There was a number of references within the white paper to rural areas and wider policy initiatives such as a better rented sector, greater weight to using small undeveloped sites, support for rural landowners and greater flexibility for rural exception sites. There was also plenty of criticism of local planning departments and a few carrots to incentivise developers and housing associations to invest specifically in these areas.
One such ‘carrot’ is the Community Housing Fund where South Lakeland stands to benefit from £2M to help tackle the problems caused by high levels of second homes. Second homes make up more than 20% of the area’s housing stock (over 50% in some villages). The new money will come from a tax levied on second homes and will be targeted to community land trusts and others to deliver new affordable homes. Interestingly, these homes will be exempt from Right to Buy.
Tackling second homes is welcomed but the sustainability of rural housing markets is also dependent on new build and the ability to release existing stock through downsizing and better older people’s services. 20% of South Lakeland’s population is retired compared to the national average of 14% and rural communities like ours have problems associated with an ageing population and ageing rural nature of the housing stock, particularly poor energy efficiency standards leading to high energy costs, fuel poverty and ill health. Cumbria County Council has identified a need for 508 new extra care housing units in South Lakeland by 2025 but at the same time we recognise a growing crisis in health and social care we face even more uncertainty regarding the future viability of supported housing schemes.
The White Paper details further arrangements for implementing the new funding model for supported housing (and sheltered housing) which will be set out in a subsequent Green Paper (expected to be published in the Spring). This has potentially catastrophic consequences for sheltered housing should current proposals (relying on LA ‘top-up’ grants) go ahead.
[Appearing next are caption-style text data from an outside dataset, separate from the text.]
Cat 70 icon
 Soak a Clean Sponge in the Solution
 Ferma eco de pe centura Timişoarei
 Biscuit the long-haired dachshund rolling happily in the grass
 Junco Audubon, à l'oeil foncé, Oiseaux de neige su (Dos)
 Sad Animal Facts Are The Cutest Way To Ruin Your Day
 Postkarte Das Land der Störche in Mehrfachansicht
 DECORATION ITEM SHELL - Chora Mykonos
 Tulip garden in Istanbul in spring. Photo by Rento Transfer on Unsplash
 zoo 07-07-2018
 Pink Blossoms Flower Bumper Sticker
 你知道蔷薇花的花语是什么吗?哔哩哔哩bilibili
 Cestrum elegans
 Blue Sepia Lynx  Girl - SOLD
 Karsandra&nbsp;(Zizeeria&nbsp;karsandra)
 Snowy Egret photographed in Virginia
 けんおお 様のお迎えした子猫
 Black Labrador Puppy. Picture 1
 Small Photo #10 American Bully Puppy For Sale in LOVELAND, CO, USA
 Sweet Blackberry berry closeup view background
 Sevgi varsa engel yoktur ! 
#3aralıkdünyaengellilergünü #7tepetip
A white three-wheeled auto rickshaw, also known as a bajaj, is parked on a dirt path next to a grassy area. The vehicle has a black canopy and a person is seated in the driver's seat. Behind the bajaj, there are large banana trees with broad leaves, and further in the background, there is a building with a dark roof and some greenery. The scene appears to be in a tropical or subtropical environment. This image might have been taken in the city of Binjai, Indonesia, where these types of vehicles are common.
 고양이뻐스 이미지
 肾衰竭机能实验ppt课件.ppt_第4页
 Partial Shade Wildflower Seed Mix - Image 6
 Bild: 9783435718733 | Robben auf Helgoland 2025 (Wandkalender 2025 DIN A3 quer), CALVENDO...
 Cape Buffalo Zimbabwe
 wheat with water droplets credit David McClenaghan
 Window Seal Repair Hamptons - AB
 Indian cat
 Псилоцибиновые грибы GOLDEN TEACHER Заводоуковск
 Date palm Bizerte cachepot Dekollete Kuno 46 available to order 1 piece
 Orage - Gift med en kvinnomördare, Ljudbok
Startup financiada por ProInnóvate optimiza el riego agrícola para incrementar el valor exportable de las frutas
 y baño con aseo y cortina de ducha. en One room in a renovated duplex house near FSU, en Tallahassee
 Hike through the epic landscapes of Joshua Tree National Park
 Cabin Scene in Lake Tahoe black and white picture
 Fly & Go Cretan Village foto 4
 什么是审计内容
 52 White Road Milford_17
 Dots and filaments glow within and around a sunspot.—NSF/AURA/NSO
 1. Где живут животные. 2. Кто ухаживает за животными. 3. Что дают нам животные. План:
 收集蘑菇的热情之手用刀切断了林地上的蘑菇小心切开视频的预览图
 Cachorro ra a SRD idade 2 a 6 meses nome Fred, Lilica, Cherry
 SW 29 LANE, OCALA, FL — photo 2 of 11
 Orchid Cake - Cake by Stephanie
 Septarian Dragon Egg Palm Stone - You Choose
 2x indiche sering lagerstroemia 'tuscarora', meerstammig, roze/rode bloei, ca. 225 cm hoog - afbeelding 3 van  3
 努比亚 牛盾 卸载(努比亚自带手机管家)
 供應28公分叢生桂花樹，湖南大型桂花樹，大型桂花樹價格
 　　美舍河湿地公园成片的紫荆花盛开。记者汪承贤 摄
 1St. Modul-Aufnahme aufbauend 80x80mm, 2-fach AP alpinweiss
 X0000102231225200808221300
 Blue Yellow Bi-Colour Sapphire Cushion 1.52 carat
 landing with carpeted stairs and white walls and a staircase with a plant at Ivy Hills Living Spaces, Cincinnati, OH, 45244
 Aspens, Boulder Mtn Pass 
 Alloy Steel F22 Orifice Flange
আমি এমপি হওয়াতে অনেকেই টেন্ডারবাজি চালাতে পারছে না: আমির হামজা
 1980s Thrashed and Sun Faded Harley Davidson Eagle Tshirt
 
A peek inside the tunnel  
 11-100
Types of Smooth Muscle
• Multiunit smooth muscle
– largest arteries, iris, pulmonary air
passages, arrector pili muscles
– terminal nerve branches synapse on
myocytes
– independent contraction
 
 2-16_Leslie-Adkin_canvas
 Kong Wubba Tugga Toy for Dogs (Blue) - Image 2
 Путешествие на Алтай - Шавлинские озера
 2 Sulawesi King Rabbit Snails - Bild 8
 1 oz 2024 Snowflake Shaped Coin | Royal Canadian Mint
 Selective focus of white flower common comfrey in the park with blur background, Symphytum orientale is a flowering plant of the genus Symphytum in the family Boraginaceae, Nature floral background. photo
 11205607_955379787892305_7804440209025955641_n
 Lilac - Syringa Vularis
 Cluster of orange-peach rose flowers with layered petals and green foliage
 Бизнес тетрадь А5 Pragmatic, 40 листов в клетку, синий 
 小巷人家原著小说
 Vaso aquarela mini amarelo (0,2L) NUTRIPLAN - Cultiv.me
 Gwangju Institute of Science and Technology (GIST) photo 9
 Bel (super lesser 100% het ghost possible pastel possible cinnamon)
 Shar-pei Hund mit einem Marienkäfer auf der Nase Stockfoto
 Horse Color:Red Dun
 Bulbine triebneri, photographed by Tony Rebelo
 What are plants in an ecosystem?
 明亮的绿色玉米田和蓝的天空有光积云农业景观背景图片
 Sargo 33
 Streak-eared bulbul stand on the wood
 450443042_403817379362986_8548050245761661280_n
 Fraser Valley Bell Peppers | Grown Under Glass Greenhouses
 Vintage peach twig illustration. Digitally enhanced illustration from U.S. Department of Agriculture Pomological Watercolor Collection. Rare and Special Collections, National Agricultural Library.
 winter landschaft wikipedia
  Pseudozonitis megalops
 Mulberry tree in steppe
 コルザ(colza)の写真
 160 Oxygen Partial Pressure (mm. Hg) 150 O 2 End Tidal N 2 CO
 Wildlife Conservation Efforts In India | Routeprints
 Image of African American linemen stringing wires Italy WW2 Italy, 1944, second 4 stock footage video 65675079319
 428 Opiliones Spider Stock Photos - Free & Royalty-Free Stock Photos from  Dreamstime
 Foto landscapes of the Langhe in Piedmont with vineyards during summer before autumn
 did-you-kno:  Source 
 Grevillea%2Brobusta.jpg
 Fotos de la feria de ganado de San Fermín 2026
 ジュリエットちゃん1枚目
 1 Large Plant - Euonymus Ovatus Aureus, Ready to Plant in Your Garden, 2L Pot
Over the next decade changing demographics will alter the demand profile for housing across the country and Housing Associations such as those in South Lakeland will be factoring this into future development schemes for older people to ensure that we develop homes with a longer term demand and secure financial viability.
Developing in rural areas is difficult – it takes longer, it requires additional consultation time, it’s harder to get through planning, standards are higher, available land is expensive (and with green field restrictions, finite) and construction costs are higher too. At a time where construction inflation is rising, where migrant labour supply is uncertain and where everyone is asking the same developers to build. We must find ways to make our combined resources work better by working collaboratively – only then can we start to tackle our broken rural housing markets.
Organisations like my own are grasping the efficiency agenda and making our assets and funding go further through increased development. As a result, we anticipate doubling our output to 250+ homes over the next four years. This will go further as we plan to partner with local organisations to widen our ability to purchase land and to assist with the viability of rural development schemes. But access to land remains a critical barrier which is ironic when you consider that just over 2% of England’s landscape is built on. We need a proper debate in this country about how our green space land is used to serve our people and communities.